Najpierw przyjrzyjmy się danym technicznym każdej z tych klawiatur.
Shark Zone MK80
- klawiatura pełnowymiarowa
- przełączniki Kailh Brown (dostępne są również Red i Blue)
- żywotność przełączników: do 60 mln wciśnięć
- maksymalny skok: 4 mm
- moment aktywacji na wysokości 2 mm
- nieliniowy skok przełącznika z delikatnie wyczuwalnym momentem aktywacji
- niezależne podświetlenie RGB dla każdego przełącznika
- możliwość nagrywania makr z poziomu klawiatury
- pełny Anti-Ghosting
- taktowanie USB: 1000 Hz
- czas reakcji: 1 ms
- przewód w oplocie o długości 200 cm
- waga: 1450 g
- wymiary wg producenta: 470 mm × 180 mm × 24 mm
Zalman ZM-K900M RGB
- klawiatura pełnowymiarowa
- przełączniki Kailh Blue (dostępne są również Red, Brown, Black)
- żywotność przełączników: do 60 mln wciśnięć
- maksymalny skok: 4 mm
- moment aktywacji na wysokości 2 mm
- nieliniowy skok przełącznika z mocno wyczuwalnym momentem aktywacji
- niezależne podświetlenie RGB dla każdego przełącznika
- możliwość nagrywania makr z poziomu klawiatury
- pełny Anti-Ghosting
- taktowanie USB: 1000 Hz
- czas reakcji: 1 ms
- przewód w oplocie o długości 170 cm
- waga: 1250 g
- wymiary wg producenta: 440 mm × 140 mm × 35 mm
Zalman ZM-K700M
- klawiatura pełnowymiarowa z dodatkowym pionem klawiszy po lewej
- przełączniki Cherry MX Red (dostępne są tylko takie)
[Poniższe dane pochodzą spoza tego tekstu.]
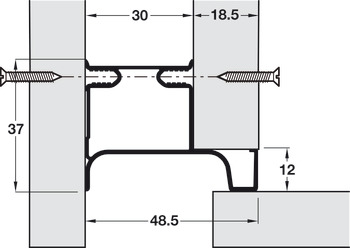 End Profile for Vertical Fixing between Cabinet and Door Gola System D Silver anodised length 2.67 m - view 3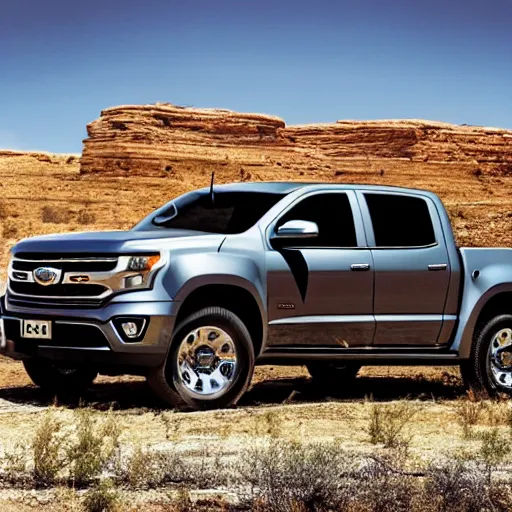 Image similar to photo of a pickup truck named Canyonero. A truck with four wheel drive, smells like a steak and seats thirty-five.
- żywotność przełączników: do 50 mln wciśnięć
- maksymalny skok: 4 mm
- moment aktywacji na wysokości 2 mm
- liniowy skok przełącznika
- jednokolorowe podświetlenie, niezależne dla każdego przełącznika
- możliwość nagrywania makr z poziomu klawiatury
- pełny Anti-Ghosting
- taktowanie USB: 1000 Hz
- czas reakcji: 1 ms
- przewód w oplocie o długości 170 cm
- waga: 1230 g
- wymiary wg producenta: 475 mm × 145 mm × 40 mm
Genesis RX85
- klawiatura pełnowymiarowa
- przełączniki Kailh Brown
- żywotność przełączników: do 60 mln wciśnięć
- maksymalny skok: 4 mm
- moment aktywacji na wysokości 2 mm
- nieliniowy skok przełącznika z delikatnie wyczuwalnym momentem aktywacji
- białe podświetlenie niezależne dla każdego przełącznika
- Anti-Ghosting „dla większości klawiszy”
- taktowanie USB: 1000 Hz
- czas reakcji: 1 ms
- przewód w oplocie o długości 160 cm
- waga: 1000 g
- wymiary wg producenta: 445 mm × 150 mm × 38 mm
Shark Zone MK80
Jakość wykonania
Wierzch obudowy wykonano z twardego, grubego plastiku o lekko chropowatej powierzchni. Wygląda on dość zwyczajnie. Wydaje się gorszej jakości od stosowanego chociażby przez Roccata. W dotyku jednak jest bardzo przyjemny i dość odporny na zarysowania.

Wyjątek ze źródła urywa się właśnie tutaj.